Closed ento closed 2 weeks ago
@ento , thanks for the great bug report.
The fact that telemetry doesn't properly work with our agentless mode enabled is a known issue (and usually hidden by the fact that it's a debug-level log). Fixing that is a todo item for this coming quarter.
The fact that traces don't work with agentless is combined with --ddtrace-patch-all
, on the other hand, wasn't something I was aware of, and that definitely also needs a fix.
Hi @romainkomorndatadog !
Can you share a workaround to silence those debug logs? It's getting rather noisy on our test runs to the level of deactivating ddtrace for those test runs, which is not what I'd like to do for sake of observability.
@wearebasti , are you asking specifically about the log entries stating
failed to send telemetry to the Datadog Agent at http://localhost:8126/telemetry/proxy/api/v2/apmtelemetry.
?
DD_INSTRUMENTATION_TELEMETRY_ENABLED=false
should stop those (although they won't stop the similar ones about http://localhost:8126/v0.5/traces ).
That said, those messages should only appear if you have DD_TRACE_DEBUG=1
, and that would generate a lot of other unrelated debug messages that would be a lot more noisy, so it feels like we're talking about different things.
@romainkomorndatadog Thanks for picking this up, I was asking about the messages in the format
failed to send, dropping 17 traces to intake at http://localhost:8126/v0.5/traces after 3 retries, 10 additional messages skipped
Our Github Actions do not use DD_TRACE_DEBUG
and our test call is a simple pytest --ddtrace -n auto --junitxml=test-report.xml
, also setting explicitly DD_TRACE_DEBUG=false
does not change this behaviour.
Sorry if I hijack here the wrong issue, I thought this was the same root cause -- do you have any ideas?
@wearebasti , you're in the right issue (not hijacking it).

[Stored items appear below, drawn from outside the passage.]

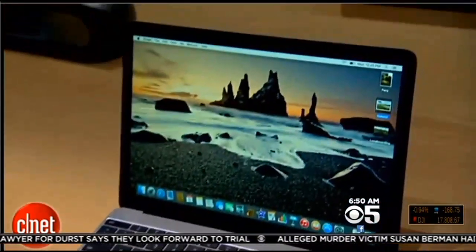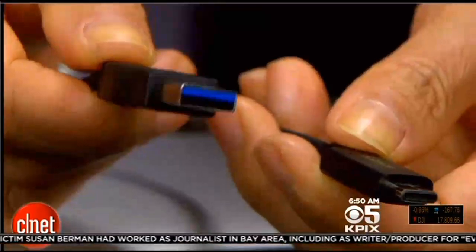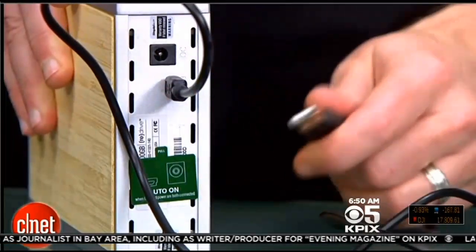The best part is that they're reversible. How many times have you tried to plug in a USB cord only to find out that it's not going in because it's upside down? These new ones are reversible.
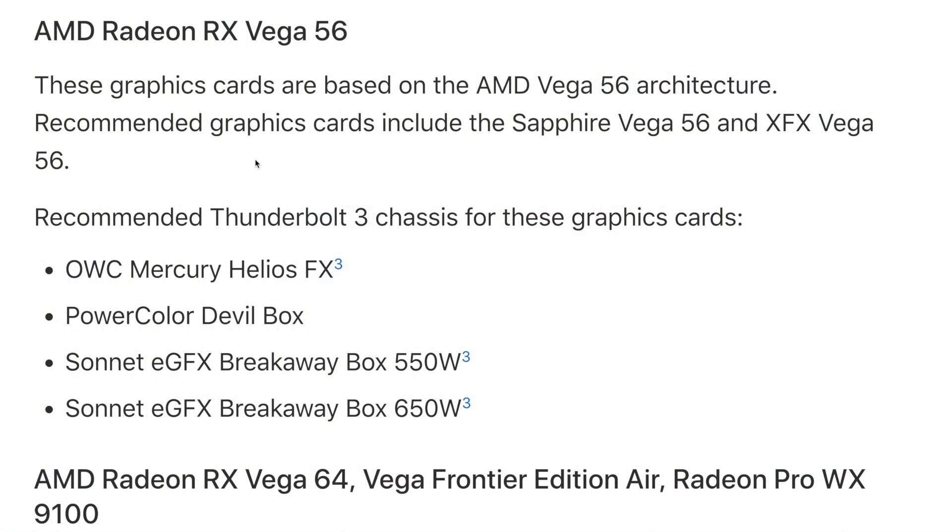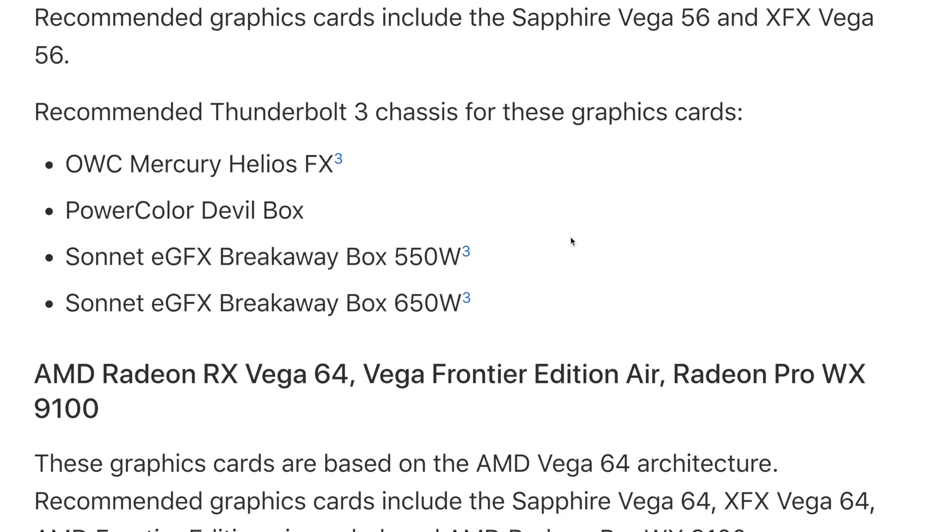The other configuration is the AMD Radeon RX Vega 56, and Apple recommends the Sapphire card for that as well. There's a clear trend of Sapphire appearing throughout — and when Apple first announced eGPU support their demo card was a Sapphire RX 580, so there may be a partnership there. The supported Vega 56 cards are the Sapphire Vega 56 and the XFX Vega 56, with recommended chassis being the Otherworld Computing Mercury Helios FX, the PowerColor Devil Box, and the Sonnet eGFX Breakaway Box 550 and 650 watt.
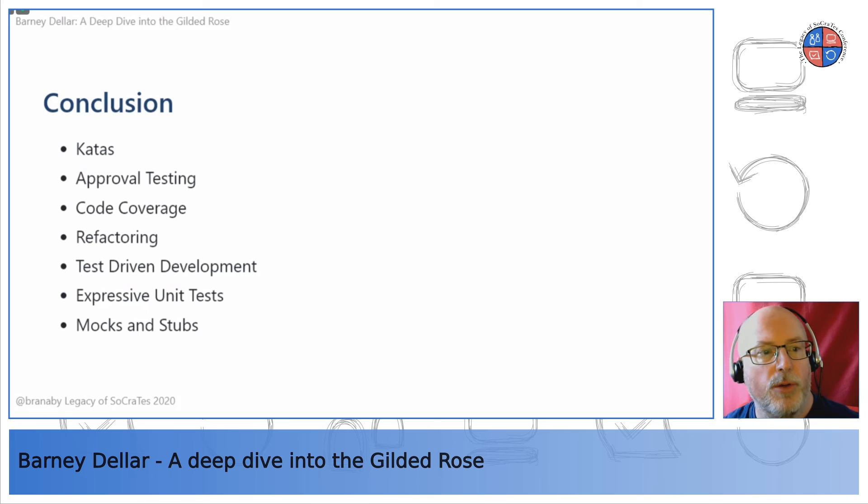That's the end of my deep dive into the Gilded Rose. We looked at katas and the idea of taking time to improve your skills. We looked at using approval testing to bring a legacy system under test coverage, how to verify this using a code coverage tool, how to refactor and add clean tests, how to create expressive unit tests, and how to use mocks and stubs to allow tests to work with slow subsystems. It's really important that you do this in work time — not on your personal time.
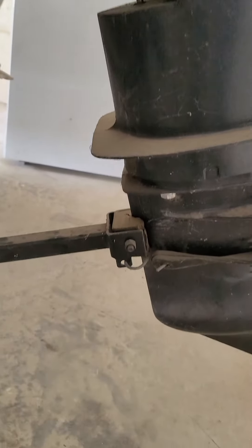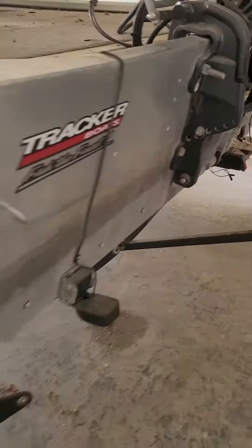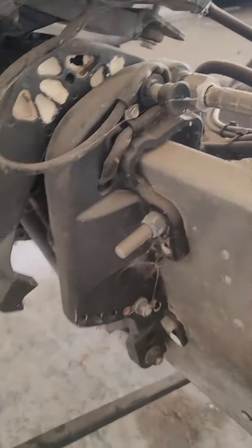No nicks. Very clean. Boat's very clean. Trailer's in great condition as well. It does have power trim — we didn't test the power trim, but it does have power trim on it.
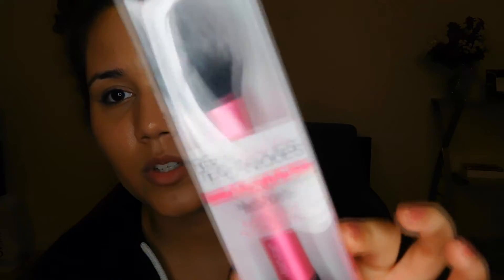The first thing I got is this Real Techniques brush. It's a blush brush. I feel like I can use this for other things and just blush. I just really needed another fluffy brush because I have the bigger one, so I got this.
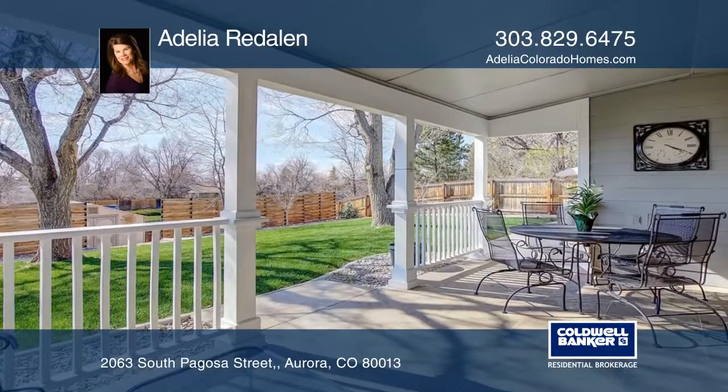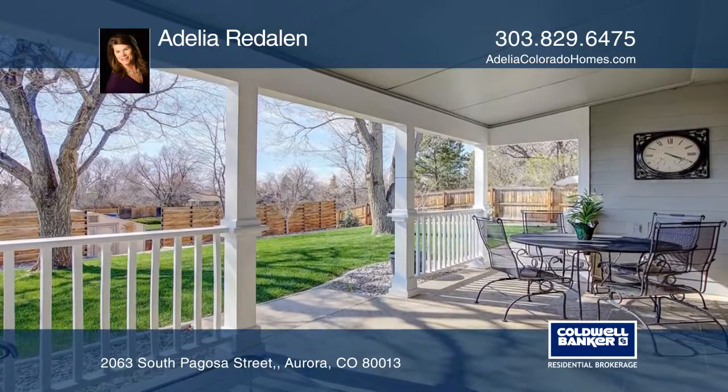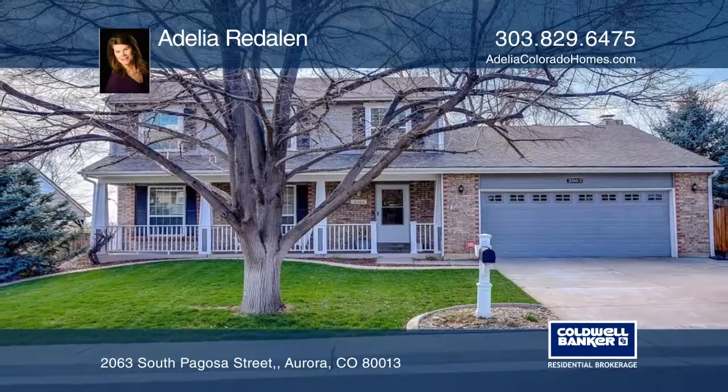The finished basement includes a rec room, a bedroom, and a bathroom. Call Adelia Redolin today to learn more.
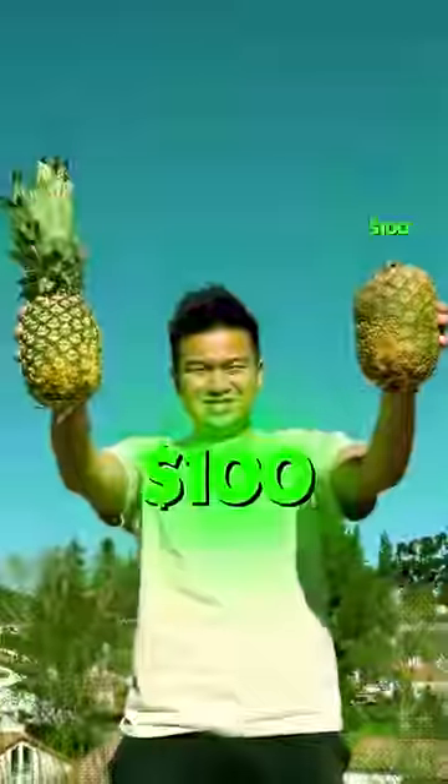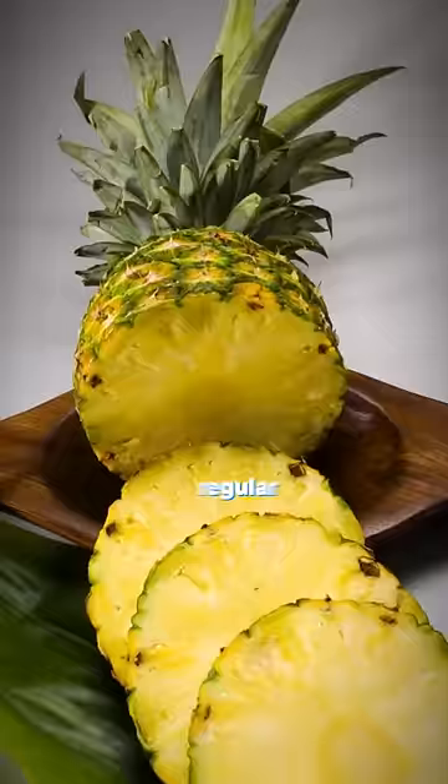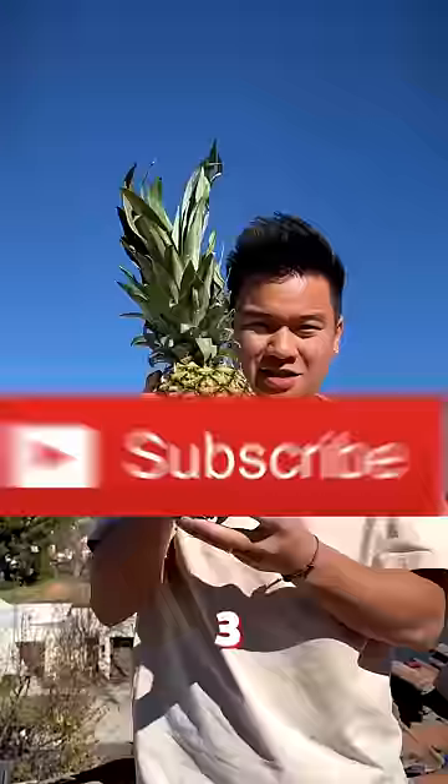One of these pineapples cost $100 and is pink inside, and the other is a regular yellow $2 pineapple. Subscribe in the next 30 seconds if you think this is the pink pineapple.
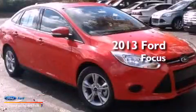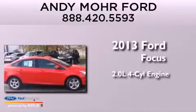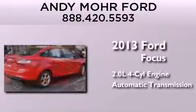This is a brand-new 2013 Ford Focus. It features a 2.0-liter four-cylinder engine and an automatic transmission.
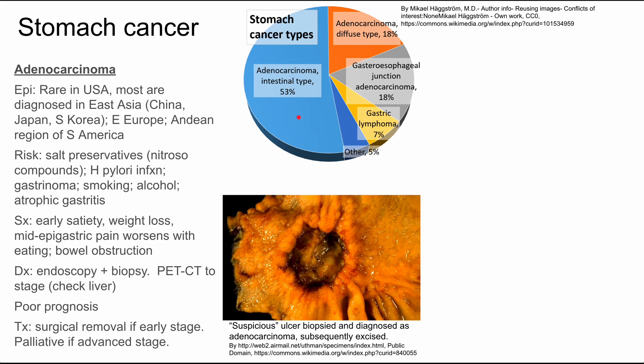There are a couple of risk factors worth knowing. First, salt preservatives — specifically nitroso compounds used to preserve some East Asian foods. H. pylori infection is a risk factor. Gastrinoma, like Zollinger-Ellison syndrome, smoking, alcohol, and atrophic gastritis are other risk factors.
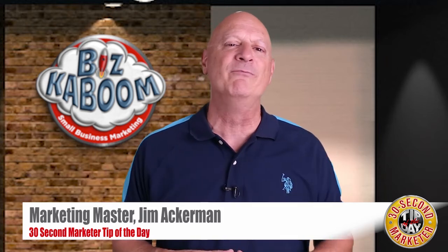Over the last couple of marketing tips we've talked about lifetime profit value and cost of acquisition. But why are these numbers important, and what can you do with them once you understand what they are?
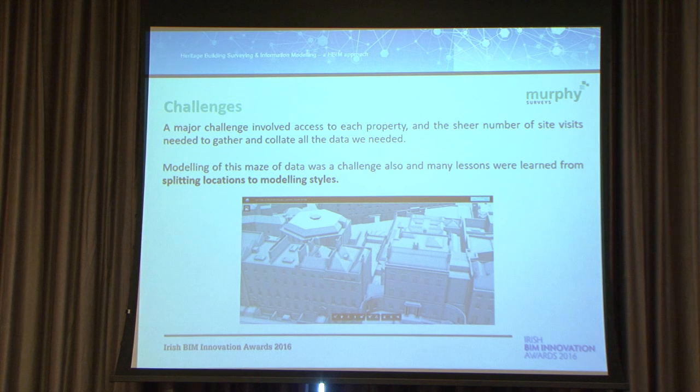The challenges on this project were both from scale and access. A massive problem was access — there were so many properties and we couldn't get access to a lot of them. We had to survey certain things in different steps and stages, and weren't able to scan the whole area as quickly as we wanted to. Rooftop access was a massive problem, and going from roof to roof was another huge challenge. Weather conditions and dodgy parapets made setting up tripods difficult. It took quite a while.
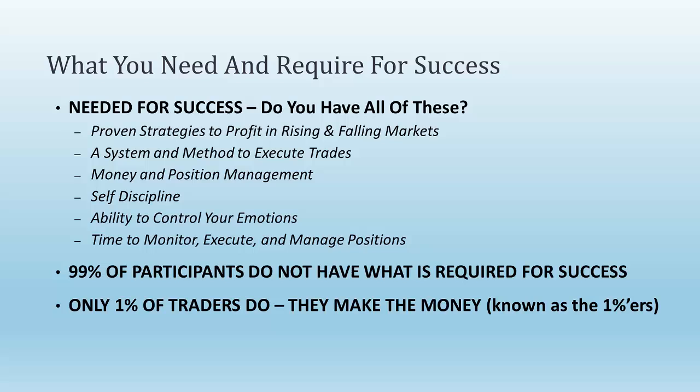You need proven strategies that profit in rising and falling markets. A lot of people have a strategy, but most of the time it's just a strategy for a rising market — a bull market. To really excel, you must have a system in place that will either allow you to avoid falling markets where you go to cash, or strategies that let you profit as the market falls. Rising and falling markets are traded completely differently, so you require a totally different set of strategies and money management skills.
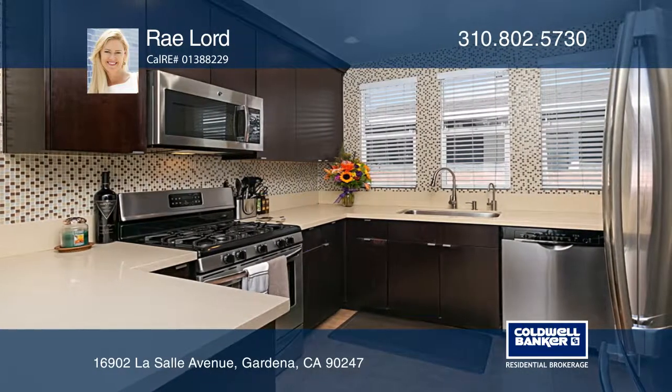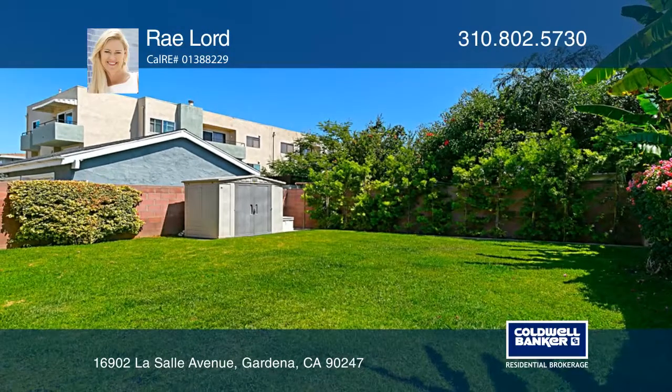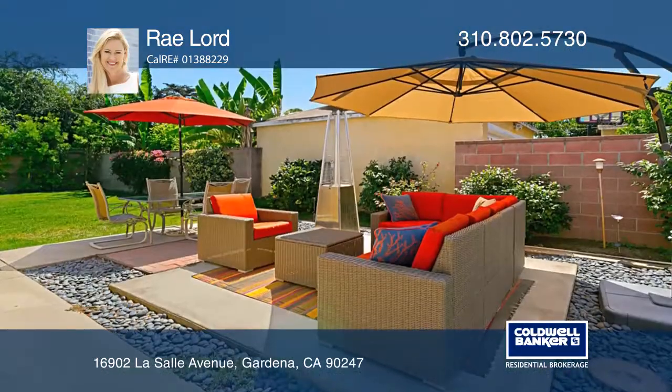Enter a lovely living room with a fireplace and hardwood floors. To the left is the dining area and kitchen. The third bedroom leads out to a spacious backyard.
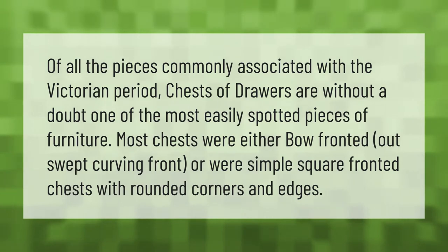Of all the pieces commonly associated with the Victorian period, chests of drawers are without a doubt one of the most easily spotted pieces of furniture. Most chests were either bow-fronted — an outswept curving front — or were simple square-fronted chests with rounded corners and edges.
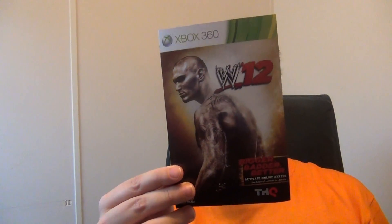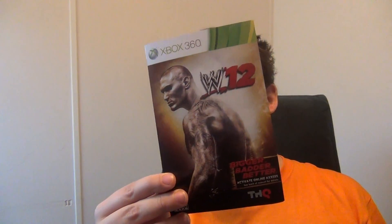And on the back of this booklet you've got your online pass. And of course, when you pre-order the game you get The Rock to unlock.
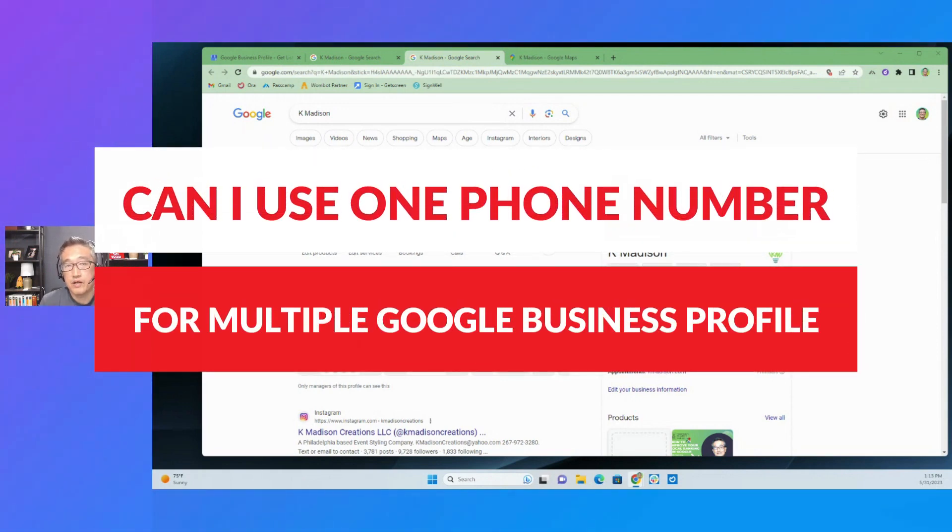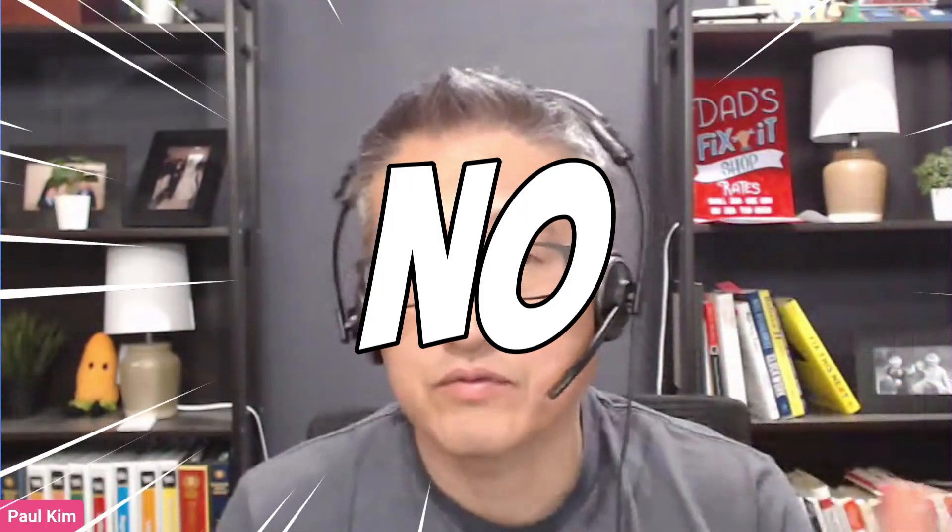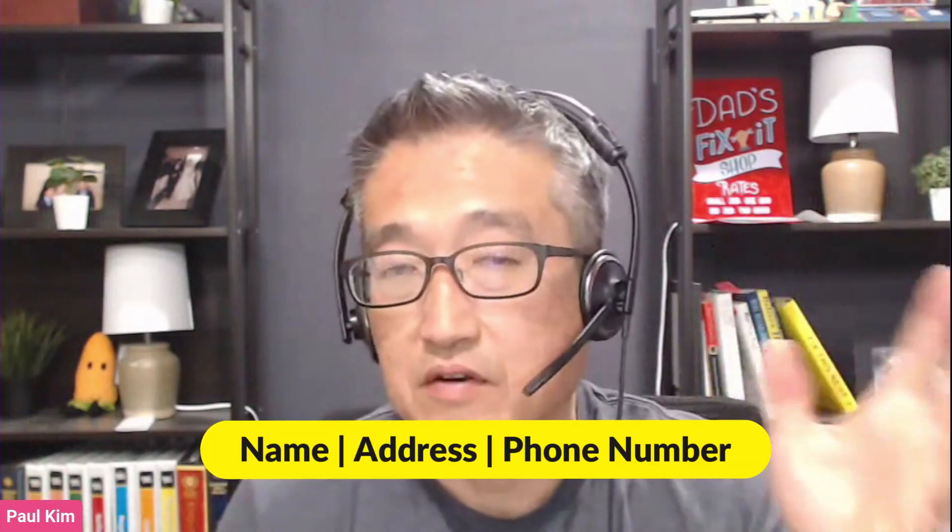Can I use one phone number for multiple Google Business Profiles? The answer to that is no. I would recommend that you have one unique number for each individual business, because in Google Business Profile and local ranking — for that matter, SEO — Name, Address, and Phone Number is very, very important. That is what Google uses to identify a business.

We do end up logging an error when we can't send traces (so it would indeed show up even with DD_TRACE_DEBUG=0
).
A few questions:
pytest.ini
config, PYTEST_ADDOPTS
env var, or something else that might be changing the CLI or file log levels?DD_CIVISIBILITY_AGENTLESS_ENABLED=true
)?I wasn't able to reproduce the logging myself until I used --log-cli-level error
as an arg to pytest
(which I rarely ever use in testing), and ran with neither an agent or agentless mode enabled.
As far as making the log entries errors go away, depending on your situation:
@wearebasti , you're in the right issue (not hijacking it).
@romainkomorndatadog A relief! :)
- Which versions of python, ddtrace, and pytest are you running?
Python: 3.12 (using actions/setup-python@v5
in github actions)
ddtrace: 2.4.0
pytest: 7.4.0
- Do the lines appear in file logs, or in CLI logs (or both)?
They appear in the github actions output, which appears to be some kind of "stdout" or "stderr" output
- Do you have a
pytest.ini
config,PYTEST_ADDOPTS
env var, or something else that might be changing the CLI or file log levels?
We use pyproject.toml
for settings, but only have the following
[tool.pytest.ini_options]
DJANGO_SETTINGS_MODULE = "foo.settings_test"
timeout = "300"
python_files = [
"tests.py",
"test_*.py",
"*_tests.py",
]
addopts = [
"--reuse-db",
"--condensed-warnings",
"--strict-markers",
"--doctest-modules",
"--browser", "chromium",
]
markers = [
"slow: marks tests as slow",
....and a couple more
]
- Are you using the agentless mode for our plugin (ie using
DD_CIVISIBILITY_AGENTLESS_ENABLED=true
)? yes, the settings are the following
DD_CIVISIBILITY_AGENTLESS_ENABLED: true
DD_CIVISIBILITY_ITR_ENABLED: true
DD_ENV: ci
DD_API_KEY: ***
DD_SITE: datadoghq.eu
DISCLAIMER:
We've just today updated to ddtrace 2.5.1 and explicitly set now DD_CIVISIBILITY_LOG_LEVEL: "error"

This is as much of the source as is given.